The Government is investing millions of dollars in the upgrading of water systems in the eastern and western sections of Portland in order to meet growing demand and ensure adequate supply for citizens, particularly during dry periods.

Works are being undertaken at Banana Ridge, Charles Town/Kildare, Crystal Spring, New Eden, Stony Hill, Cornwall Barracks and Islington/Nonsuch.

The projects are being implemented by Rural Water Supply Limited (RWSL) and the National Water Commission (NWC), and include installation and repair of water tanks, and replacement of pipes and fixtures.

Ministers without Portfolio in the Ministry of Economic Growth and Job Creation Senator the Hon. Pearnel Charles Jr. and Hon. Daryl Vaz, toured the projects on Thursday (January 29) to get a first-hand look at the scope of works being undertaken.

At Charles Town/Kildare, a 100,000-gallon water tank has been installed at a cost of approximately US$250,000 under the NWC’s Tank and Pump Programme.

Minister Charles Jr. said that old water pipes serving the system are being replaced.

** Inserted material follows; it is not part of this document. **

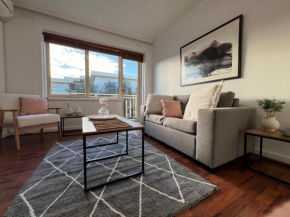 Vibrant Stay in the Heart of St Kilda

“We know that the Charles Town pipes leading from the well to Kildare are old asbestos cement pipes and those need to be replaced, so the ongoing contract now is for the replacement of those pipes with ductile iron pipes. That’s going to be at a cost of $38 million to lay the pipes; $65 million for the entire project, including the supply of the pipes,” he said.

Minister Charles Jr. said that the work being done will ensure that there is continuous water supply for the residents served by the system.

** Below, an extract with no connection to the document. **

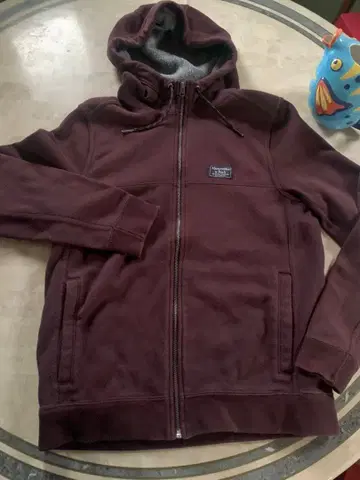 Abercrombie & Fitch 버건디 후드티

“The investment that is being made by this government for the people, is one that is going to be long-lasting. This is what we want to do across the country,” he said.

He noted that an evaluation will be one of the entire parish, which was one of the hardest hit by drought conditions in 2019.

“The forecast for this year is no different, so we are taking a proactive approach,” he said.

For his part, Minister Vaz, who is also the Member of Parliament for Western Portland, said that climate change has altered the rainfall pattern in Portland.

“The western end of the island, like Hanover, St. James and Westmoreland, is now getting the bulk of the rainfall, which Portland used to get,” he noted.

“What we are doing here is also in keeping with climate resilience, because the truth is, what we are accustomed to in terms of rainfall, and using rainfall harvesting as the major source of water for the residents of Portland, is no longer, and therefore, projects like this will be for the sustainable future of the parish and of the people,” he pointed out.